The smoke became massive now, and for a moment Jeff was lost to Diane-all but his trousers from the knees down-inside the smudgy gray-black smoke.
She heard him curse once and then she saw him emerging from the smoke. He carried the suitcase. It was on fire and was the source of all the smoke.
He hurled it into a snowbank and began scooping up soft white snow to put out the fire. It did not take long. Jeff worked with a certain manic compulsion, as if he needed something physical to do at this moment to keep from going clinically insane.
The fire out, Jeff closed the lid, stood looking up at the house a long moment, then went around and got back behind the wheel again.
He started the engine, put the car in reverse, and started out of the driveway again.
This time he reached the edge of the street before the engine caught on fire.
They were almost pretty, the red and yellow flames against the pure white snow, the pure blue sky.
His life was in no way endangered-he got out of the car in plenty of time-but the engine was most likely ruined, fire and smoke pouring up from under the hood.

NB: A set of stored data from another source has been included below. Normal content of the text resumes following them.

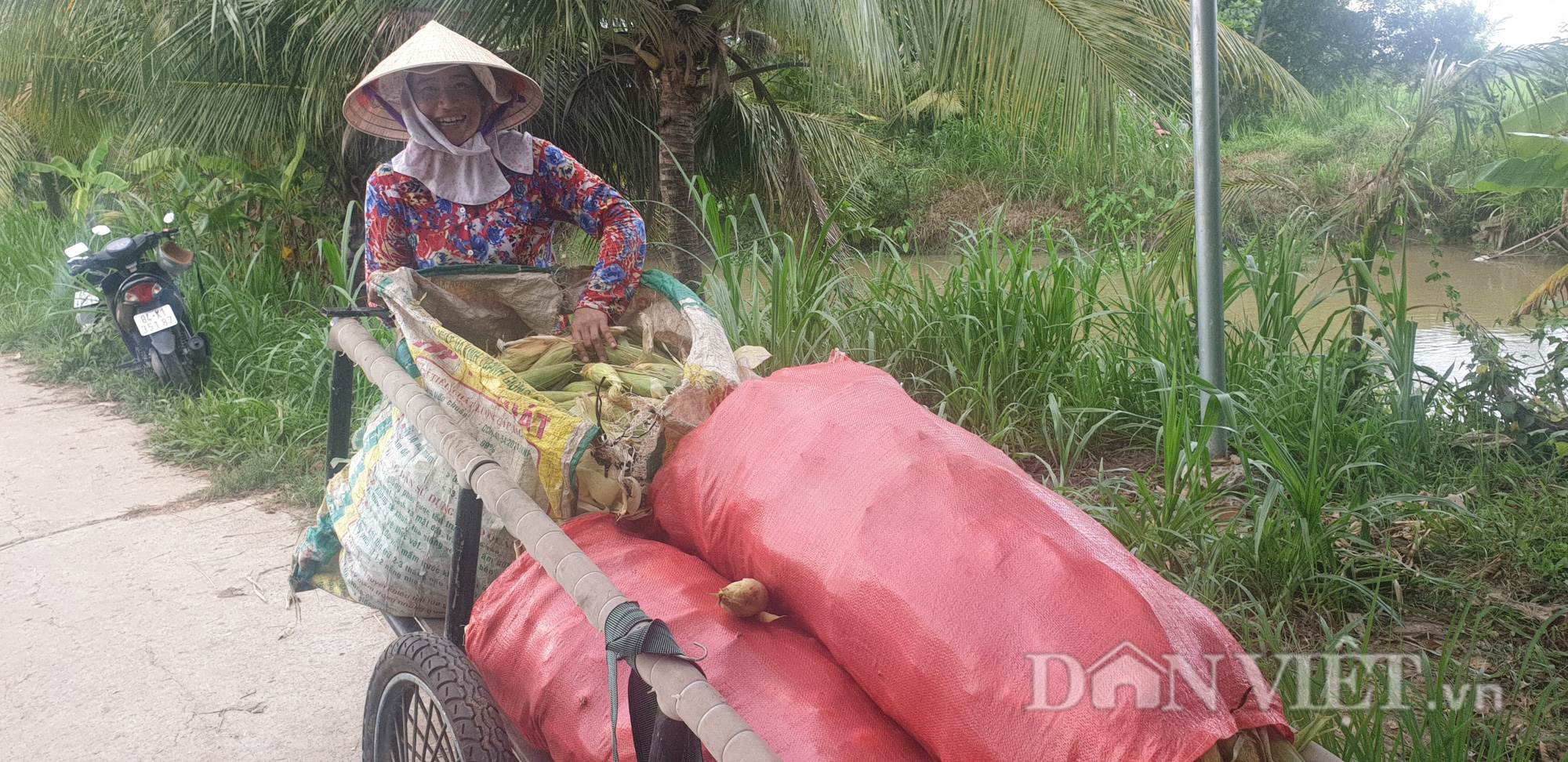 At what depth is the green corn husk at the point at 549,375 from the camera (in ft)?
6.50

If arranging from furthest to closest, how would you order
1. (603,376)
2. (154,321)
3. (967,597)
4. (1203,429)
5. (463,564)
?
(154,321), (1203,429), (603,376), (463,564), (967,597)

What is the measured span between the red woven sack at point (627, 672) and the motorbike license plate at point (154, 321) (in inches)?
148

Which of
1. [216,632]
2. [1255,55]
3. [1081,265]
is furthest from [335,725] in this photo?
[1255,55]

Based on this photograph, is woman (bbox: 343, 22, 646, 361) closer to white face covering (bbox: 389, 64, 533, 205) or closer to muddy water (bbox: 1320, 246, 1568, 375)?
white face covering (bbox: 389, 64, 533, 205)

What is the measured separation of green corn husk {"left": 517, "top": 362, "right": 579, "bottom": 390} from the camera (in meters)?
1.98

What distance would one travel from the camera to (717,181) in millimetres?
5949

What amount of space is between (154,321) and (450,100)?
3130 millimetres

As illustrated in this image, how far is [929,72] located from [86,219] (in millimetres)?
5382

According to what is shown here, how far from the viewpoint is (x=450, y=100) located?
2.23m

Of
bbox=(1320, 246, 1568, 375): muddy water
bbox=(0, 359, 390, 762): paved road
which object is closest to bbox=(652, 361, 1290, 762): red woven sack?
bbox=(0, 359, 390, 762): paved road

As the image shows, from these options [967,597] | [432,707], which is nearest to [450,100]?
[432,707]

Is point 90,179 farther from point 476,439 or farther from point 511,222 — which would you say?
point 476,439

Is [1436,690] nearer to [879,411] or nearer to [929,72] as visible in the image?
[879,411] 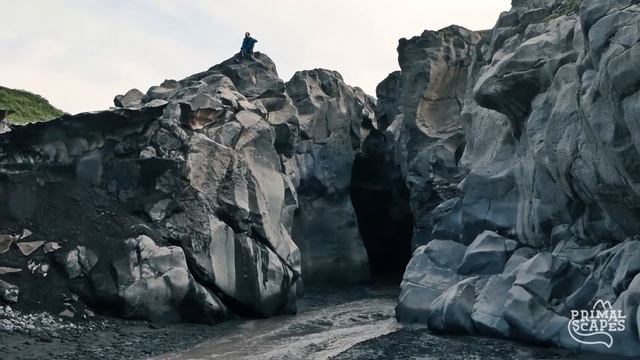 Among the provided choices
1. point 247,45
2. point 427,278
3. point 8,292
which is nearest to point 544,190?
point 427,278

He raised his eyes to his house. In the doorway now stood Mindy, dressed in a pale blue robe, gaunt from her loss of weight. She beckoned to him to return and so he did, leaving the car in the driveway to burn out.
He went inside his house and closed the door.
It had been a very short trip.
Dinner that Saturday night was braised beef tips, a salad, and whole-wheat bread that Diane had made from scratch.
She had not used the dining room since well before her husband's death. Now, the candlelight made the room luxurious with the gleam of light on mahogany, of rich warm shadows.
During the meal, Diane told Robert what had happened that day to Jeff McCay's trip.
"He just disappeared into the house," she explained. "Then around four this afternoon, he went out and pushed the car up the driveway, away from the road."
"Sounds pretty strange."
"That's what I hoped you'd say."
He glanced up from his salad. "Why?"
"Because then you can go over there and find out what's going on."
He shrugged. Tonight he wore a white shirt, gray cardigan sweater, and chinos. She felt far more comfortable with him than she wanted to admit to herself.
"Mindy would come to the door and that would be that."
"Meaning what?"
"Meaning that she'd say, yes, their car did catch on fire and that, yes, everything is all right now."
"In other words, she wouldn't let you inside?"
"Right."
"On TV, detectives are always getting search warrants."